Šiauliai “Aušros” museum has significantly supplemented the collections of one of its subdivisions – Photography Museum. A unique collection of photographs by the count Benediktas Tiškevičius was purchased.

 

Benediktas Henrikas Tiškevičius (1852–1935), the count of Raudondvaris manor, a collector, patron, traveller and photographer, is an exceptional, yet insufficiently known personality of Lithuanian cultural history. Tiškevičius was an extraordinary figure in the art of photography, one of the pioneers of art photography and the first traveller-photographer of Lithuania. The photographs of his travelling round Algeria, exhibited in 1876 at the World Exhibition in Philadelphia (USA) and which won a gold medal, are considered to be the first known photographs of the travel reportage genre in Lithuania. Since 1884, he was a member of the French Society of Photographers, since 1898 – a member of the prestigious Paris Photo Club. Between 1894 and1902, he participated in the exhibitions in Lviv, Berlin (in 1899 in Berlin he was awarded a gold medal for directing compositions), Warsaw, Vilnius, and his photographs were published in the representative publications of the Paris Photo Club.

Tiškevičius’ creation included reportages about his extensive travels in different countries of the world and peculiar artistic compositions where he photographed staged genre scenes and monumental portraits of various eras at his summer residence in Viala (now Belarus territory) and at the photo studio in Paris. Many of these compositions were created between 1890 and 1899. The pictorialist works of art photography made the photographer famous in the international art community of his contemporaries and attracted attention of contemporary art critics.

It is paradoxical and at the same time regular that the French were the first to discover Tiškevičius in nowadays. His name became better known in Lithuania after this when in 1993 in France Nicephore Niepce museum, named after the world’s first inventor of photography, had purchased the largest collection of works by the author in that time (86 pieces glued on 46 cardboard sheets), organized an exhibition and published a booklet presenting the collection. In addition, it appeared that a small collection of Tiškevičius’ works was also preserved in Poland, at the Royal Castle Museum in Warsaw, and some of his works were preserved at the Orse Museum, the French National Library in Paris and private collections abroad. The collection of Nicephore Niepce museum was soon presented in exhibitions in Vilnius and Kaunas, the publication “Tyszkiewicz” (Publishing House: Baltos lankos, 2002) and Dr. Aldona Snitkuvienė’s book “Raudondvaris. The Counts Tiškevičiai and their Legacy” (Vilnius, 1998) were published.

It seemed that there was enough information about Tiškevičius and his works, and no new discoveries were expected, as it was believed that all of the count’s works were devastated during the fires in studios and laboratories in Paris and Viala. However, at the end of 2018, several hundred works of B.H. Tiškevičius were returned to Lithuania, that significantly have broadened the scope and significance of the author’s works.

A large part of this collection, with the support of the Lithuanian Council for Culture, was purchased by Šiauliai “Aušros” museum for the collections of its subdivision – Photography Museum.

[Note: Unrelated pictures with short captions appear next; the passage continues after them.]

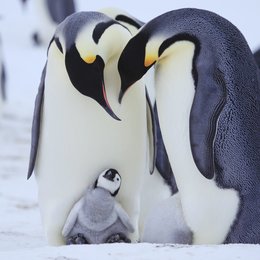 Pinguine hautnah Poster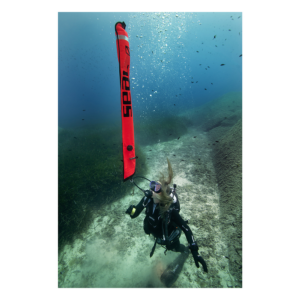 SEAC Boa di Segnalazione Diver Alert dettaglio della struttura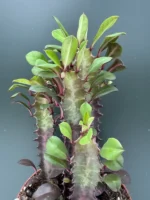 Euphorbia Trigona Rubra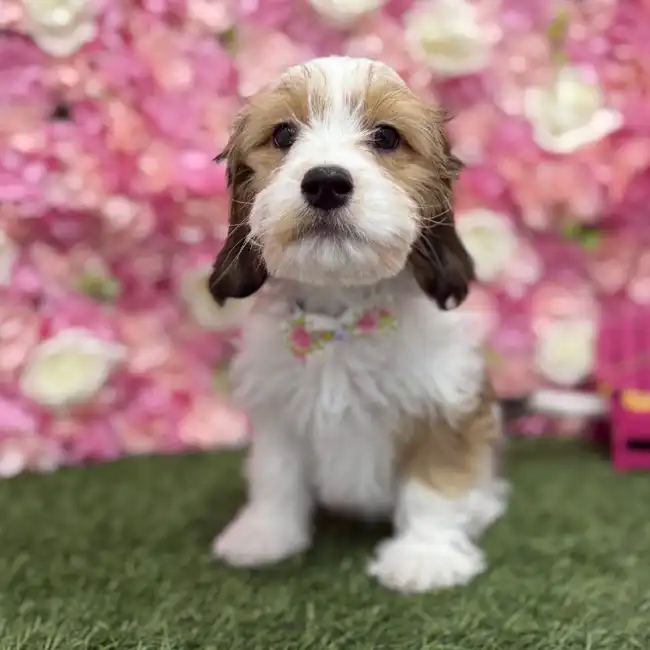 Male Cavanese Puppy for Sale in Braintree, MA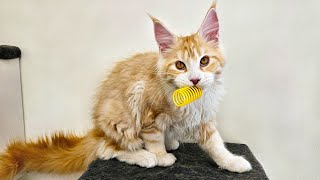 Maine Coon Kitten Ada Loves Her Toy!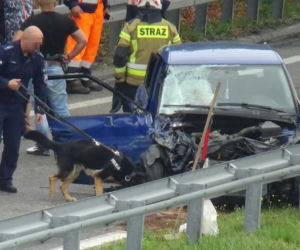Pijani kierowcy terroryzują warszawskie ulice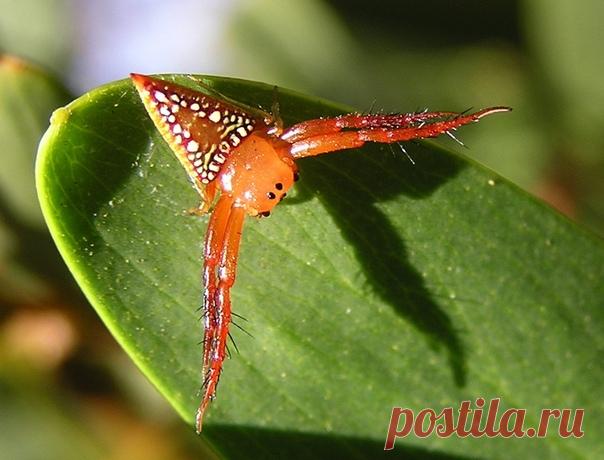 Треугольный паук.
Чтобы завлечь добычу, треугольные пауки не плетут коварных сетей, а прячутся в засаде, терпеливо поджидая будущую жертву. Их челюсти снабжены небольшими ядовитыми клыками, безопасными для человека, но смертельно опасными для мелких насекомых, попадающих в цепкие лапы голодных охотников.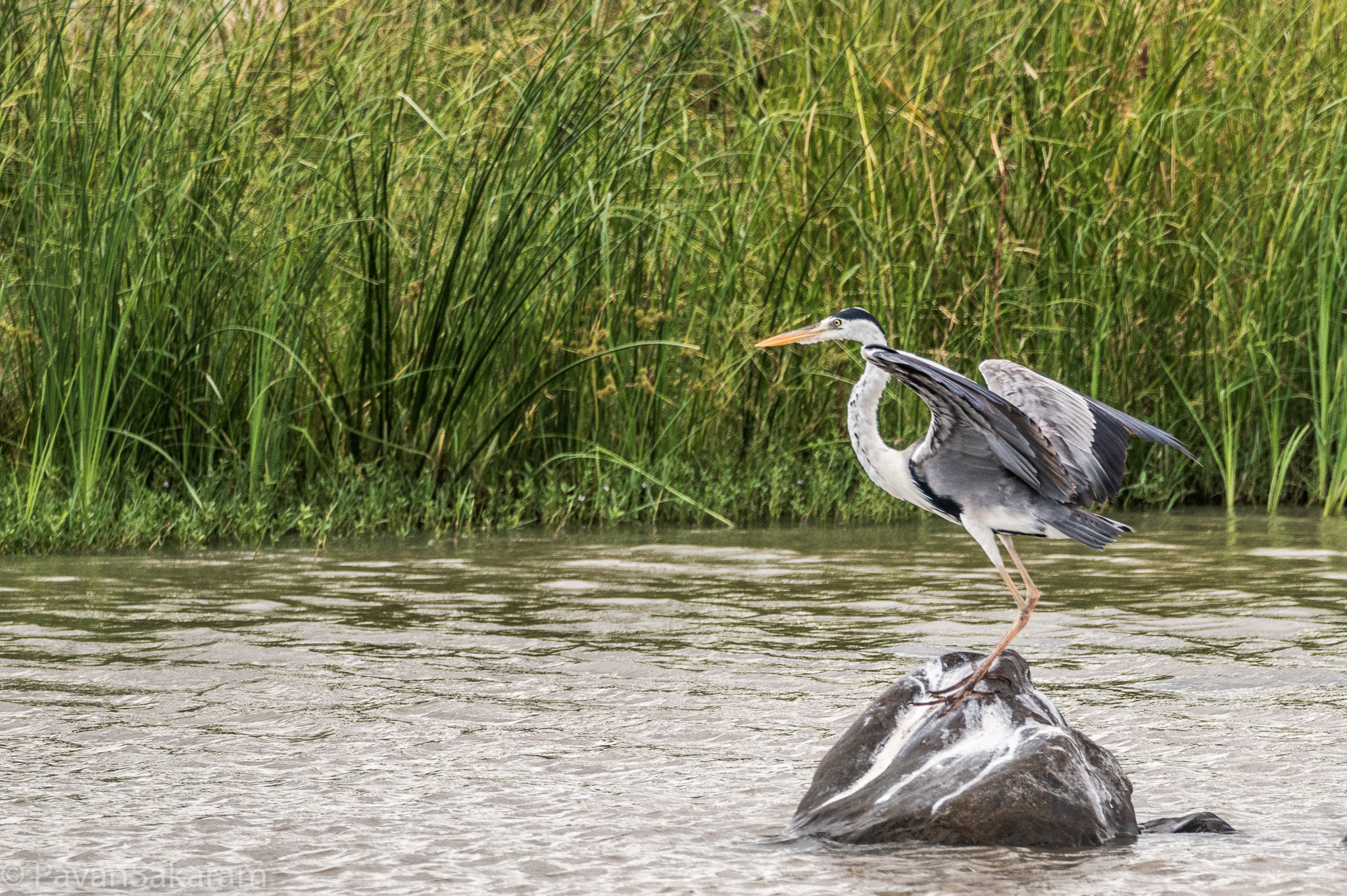 150-600mm F5-6.3 DG OS HSM | Contemporary 015 sample photo. Grey heron photography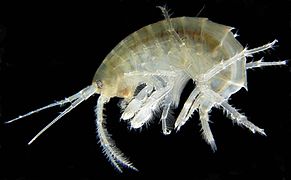 Amphipods of the family Gammaridae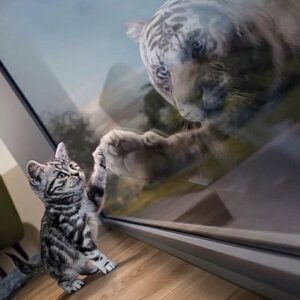diamond painting kat en tijger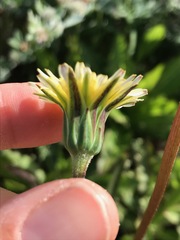 Microseris douglasii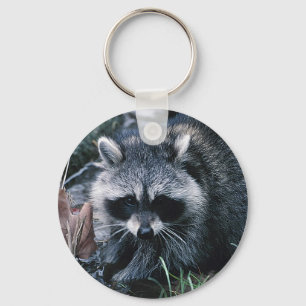 Cute Racoon Key Ring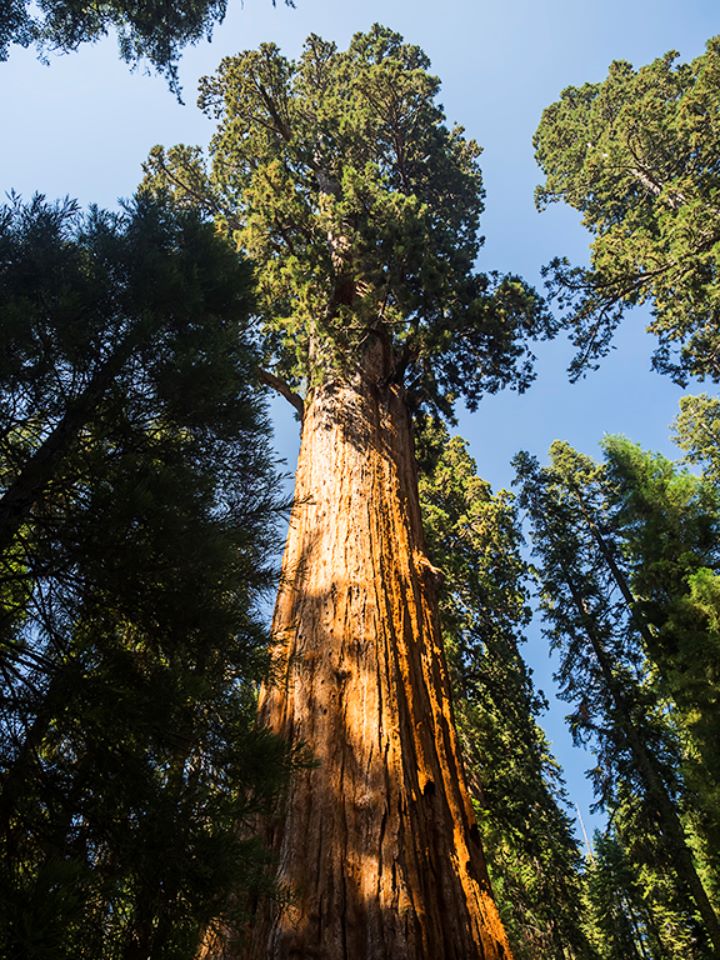 Parque nacional Sequoya
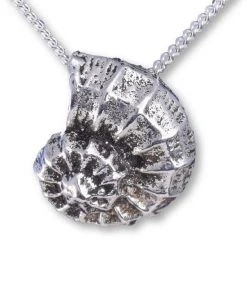 Seventh Sense Ammonite Pendant Silver Steampunk Jewellery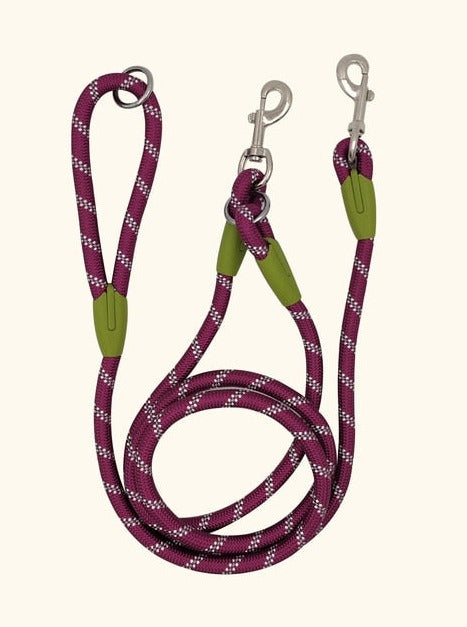 Reflective Nylon Dog Leashes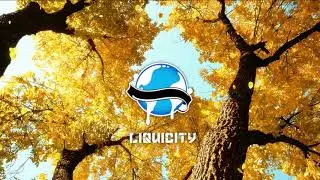 Umax - Translucent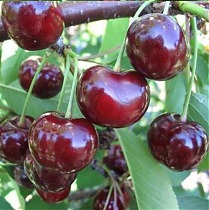 Черевишня Шоколадница - Prunus cerasus x avium Chocoladnitsa 3-5 ltr, 100-180 см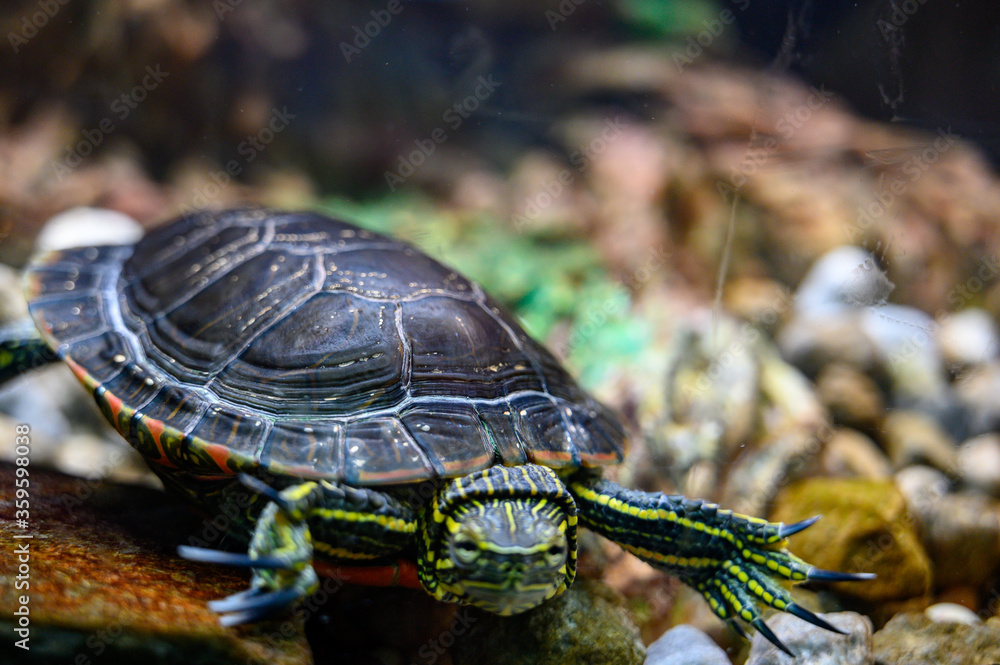 Painted turtle swimming in glass aquarium Painted turtle swimming in glass aquarium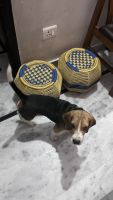 Beagle Puppies for sale in Dwarka Mor, Vipin Garden, Nawada, Delhi, 110059, India. price: 20,000 INR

The collection consists of 27 sheets of cardboard, probably separate sheets from former albums, on which 93 photographs of various formats of albumen are glued. On the sheets there are French entries made by the author, indicating the date, places and names of the photographs taken. The core of the collection purchased by the museum consists of the stage scenes in the style of  so-called Imperial and 1830s epochs, that were performed in pictorializm stylistics – the direction of art photography which was prevailing at the end of the 19th century in West Europe. The photographs were probably taken between 1897 and 1899 in Tiškevičius’ studio in Paris. Some of the purchased works were published in illustrating a chapter of “Interior Photography” in the prestigious Paris Photo Club’s publication “Esthetique de la photographie” (compiled by Paul Bourgeois, Paris, 1900), which can be considered as a chrestomathy or manifesto of French pictorialism of the end of the 19th century and which reflected the basic principles, artistic aspirations, and works of the artists creating in this style. Tiškevičius’ works in this publication are in line with the names of French pictorialism classics, such as Puyo, Demachy and others, and present him as one of the representatives of then elite of pictorialists.  In the context of Lithuanian photography of that time, it was a new creation that was not practiced by any of those photographic artists. He was the first in Lithuania to move away from documentary, reportage content in photography and conceptually realized his creative concept by constructing a peculiar photographic reality. The other part of the collection consists of hunting scenes in 1897 at Viala manor, also photographs of travel reportages by Tiškevičius of the year 1891–1897, among them is the largest group of Nice reportage photographs in 1892, as well as the images of other places (Amsterdam, Garbow in Poland, Vesuvius), photographs of the count himself and his relatives.

The collection will be displayed in the exhibition and presented in the publication in 2020.
All exhibits of the collection are digitized and published in the Lithuanian Integral Museum Information System LIMIS.